Indented Block Elements

The following elements frequently contain a large body of text within them. The opening and closing tags are therefore always placed on a separate line before displaying the text found within them:

  • Topic elements: <abstract>, <shortdesc>
  • Body elements: <p>, <li>, <note>, <lq>
<ul>
    <li>
      This is an item in an unordered list.
    </li>
    <li>
      To separate it from other items in the list, the formatter puts a bullet beside it.
    </li>
    <li>
      The following paragraph, contained in the list item element, is part of the list
      item which contains it.
        <p>
          This is the contained paragraph.
        </p>
    </li>
    <li>
      This is the last list item in our unordered list.
    </li>
</ul>

Inline Elements

The following elements are treated as inline elements, they do not warrant an additional line and are kept within the surrounding text.
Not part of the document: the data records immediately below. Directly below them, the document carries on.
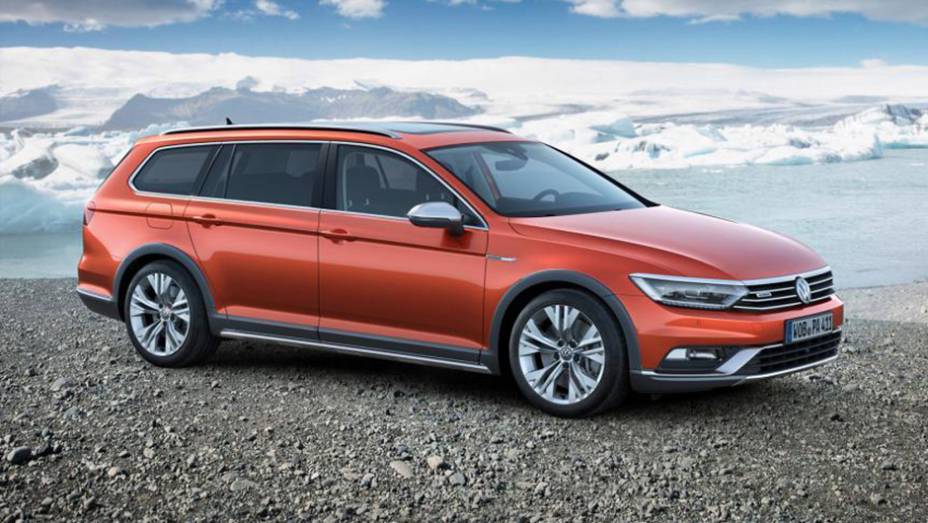 O modelo é 2,75 centímetros mais alto em relação ao solo do que a versão convencional | <a href="https://preprod.quatrorodas.abril.com.br/noticias/saloes/genebra-2015/volkswagen-exibe-passat-alltrack-837900.shtml" rel="migration">Leia mais</a>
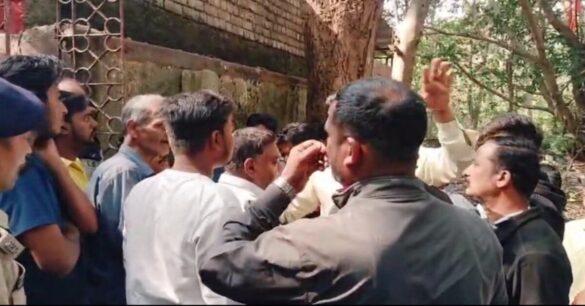 Jamshedpur: साकची में कचहरी बाबा मंदिर की घेराबंदी करने पर हंगामा, टाटा स्टील यूआइसीएल का विरोध, पुलिस तैनात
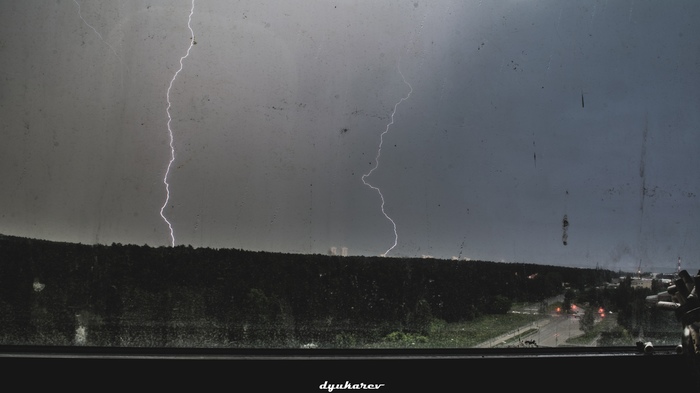 А за окном, бушует гром. | Пикабу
  • Body elements: <ph>, <codeph>, <synph>, <term>, <xref>, <cite>, <q>, <boolean>, <state>, <keyword>, <option>, <tm>, <fn>, <xref>
  • Programming elements: <parmname>, <apiname>
  • Typographic elements: <b>, <i>, <sup>, <sub>, <tt>, <u>
  • Software elements: <filepath>, <msgph>, <userinput>, <systemoutput>, <cmdname>, <msgnum>, <varname>
  • Userinteface elements: <uicontrol>, <menucascade>, <wintitle>
  • XML Mention Domain: <numcharref>, <parameterentity>, <textentity>, <xmlatt>, <xmlelement>, <xmlnsname>, <xmlpi>
<p>
  <b>STOP!</b> This is <b>very</b> important! Unplug the unit <i>before</i> placing the
  metal screwdriver against the terminal screw.
</p>

Text Elements

Text elements on a single line are kept within the containing element Text element on multiple lines are indented one level further than the surrounding text. Long lines of text are truncated to approximately 80 characters length by default before adding a carriage return. Carriage returns are usually placed so as not to split inline elements, but this is sometimes not feasible within the line limits, so a line break may occur before an inline attribute.

<p>
  The <xref format="html" scope="external"
  href="https://www.w3.org/TR/html5/grouping-content.html#the-pre-element">recommended
  way to mark up a code block</xref> (both for semantics and for Prism) is a <codeph><pre></codeph>
  element with a <codeph><code></codeph> element inside, like so:
</p>

Whitespace sensitive elements

The following elements are whitespace sensitive and require special processing:

  • <codeblock>, <lines>, <msgblock>, <pre>, <foreign>,

The opening tag of a <codeblock> is indented normally, the text within a <codeblock> (if any) is not offset by any additional indentation

<topic id="basic-usage">
    <title>Basic usage</title>
    <body outputclass="language-java">
        <p>
          Hello World in Java
        </p>
        <codeblock>public class java {
    public static void main(String[] args) {
        System.out.println("Hello World");
    }
}</codeblock>
        ...etc

<codeblock> elements containing <coderef> elements are indented as shown:

<codeblock outputclass="language-markup"><coderef href="../src/logo.svg"/>
</codeblock>

Other white-space sensitive elements such as <lines> are supported in a similar manner. If processing is found to be incorrect due to embedded elements, it is suggested that the author uses the pretty-ignore directive to maintain whitespace.